Unterdessen fällt die Resonanz bei einigen bereits abgeschlossenen Primärmarkt-Deals weniger positiv aus, als es den Anschein hat. Der vietnamesische Autobauer Vinfast, der im August mittels Fusion mit einer Mantelgesellschaft (Spac) an der Nasdaq debütierte, war zu Beginn der laufenden Woche deutlich mehr wert als Ford und General Motors zusammen. Doch die Entwicklung folgt keineswegs aus dem Enthusiasmus einer großen Zahl an Marktteilnehmern. Tatsächlich bevorzugten fast alle Investoren, die am Akquisitionsvehikel Black Spade beteiligt waren, nach dem Merger eine Cash-Auszahlung, statt Vinfast-Aktien zu übernehmen. Dem Spac, das bei seinem IPO vor zwei Jahren 169 Mill. Dollar aufgenommen hatte, blieben nach den Anteilsrückgaben lediglich 13,6 Mill. Dollar. Zudem sind nur 1% der Aktien von Vinfast frei handelbar. In der Folge führen schon wenige Gebote zu hohen Kursausschlägen. Dass nach solchen künstlichen Rallys umso härtere Rückschläge die Norm sind, drohen auch die Vinfast-Investoren noch leidvoll zu erfahren.
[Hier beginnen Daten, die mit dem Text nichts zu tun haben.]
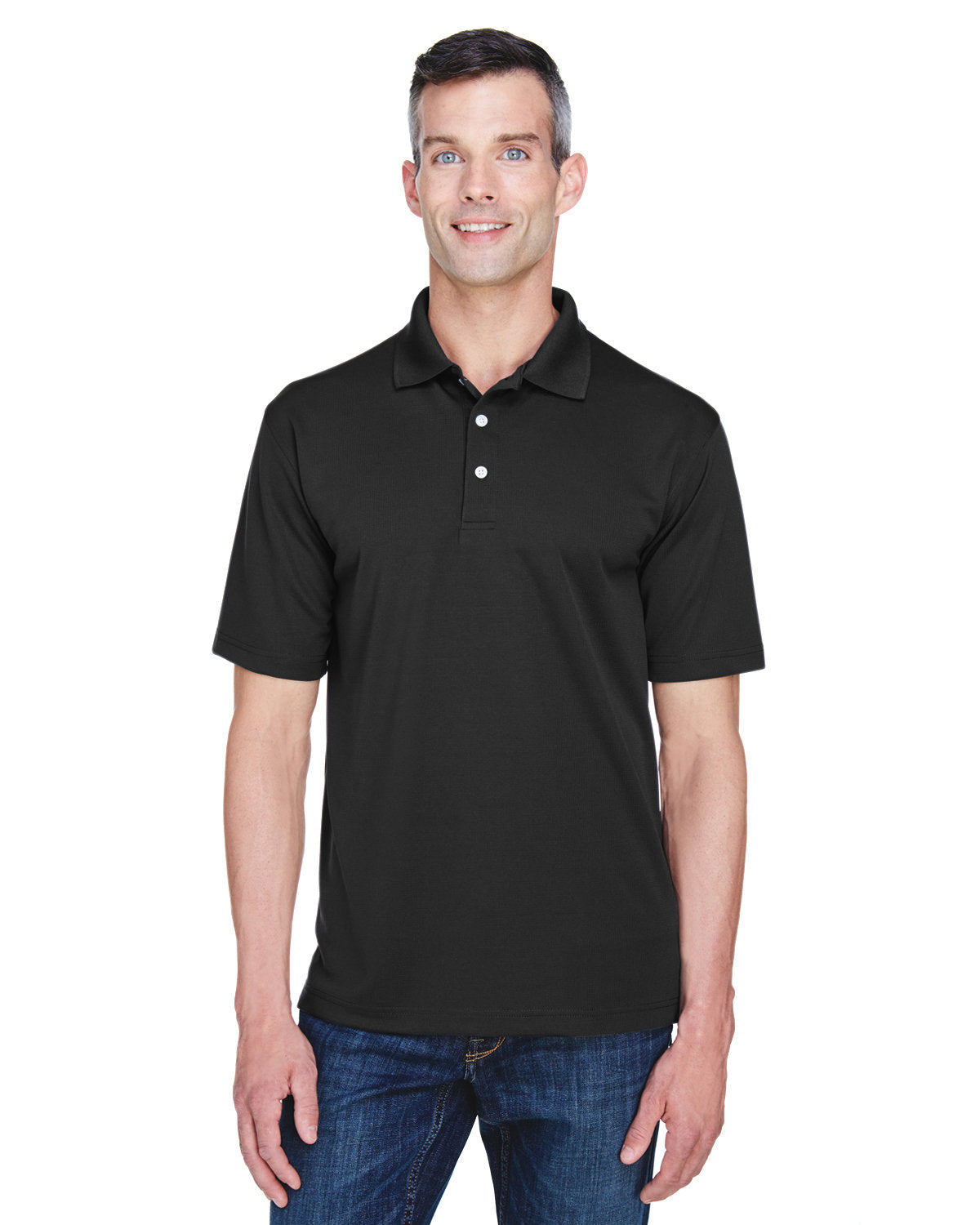 UltraClub Cool & Dry Stain-Release Performance Polo-Men's Polos-UltraClub-Black-S-Thread Logic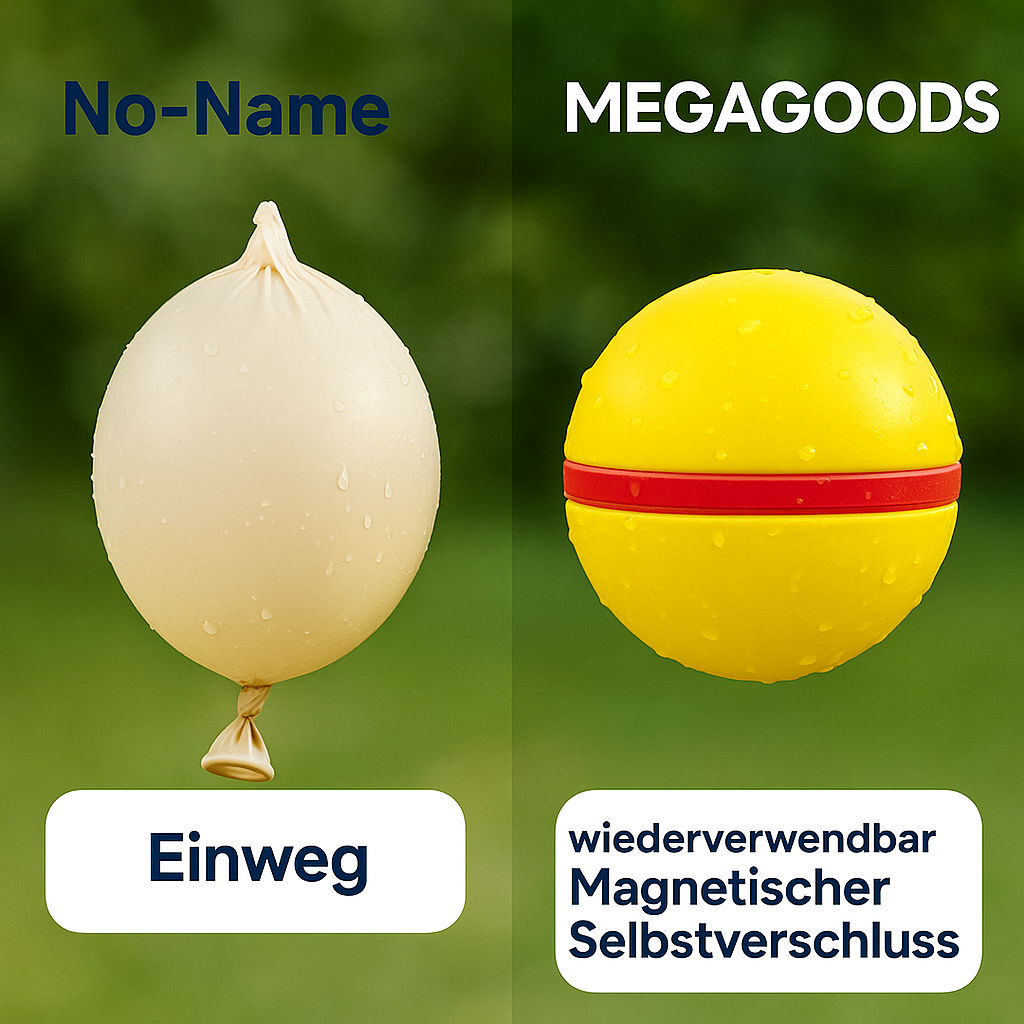 6er Set wiederbefüllbare Wasserbomben magnetisch selbstverschließend DE.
Auch zum für September angekündigten IPO des britischen Chipdesigners Arm an der Nasdaq ergeben sich interessante Parallelen. Vinfast-Anleger erhoffen sich einen fortgesetzten Boom der Elektromobilität, der Halbleiterentwickler will vom Hype um künstliche Intelligenz profitieren. Zudem plant der japanische Technologieinvestor Softbank wohl, nur 10% der britischen Gesellschaft an die Börse zu bringen. Damit befände sich die Free-Float-Marktkapitalisierung durchaus in einem Bereich, in dem leicht künstliche Überhitzungen entstehen können. Die Chipkonzerne Nvidia und Intel, die Softbank als Ankeraktionäre an Bord holen wollen, stellen sich zudem offenbar eine deutlich niedrigere Bewertung vor als der japanische Technologieinvestor. Landet Softbank mit dem Arm-Börsengang in New York die nächste Schlappe, dürfte der Motor des gerade erst angefahrenen US-IPO-Markts schnell wieder ins Stottern geraten.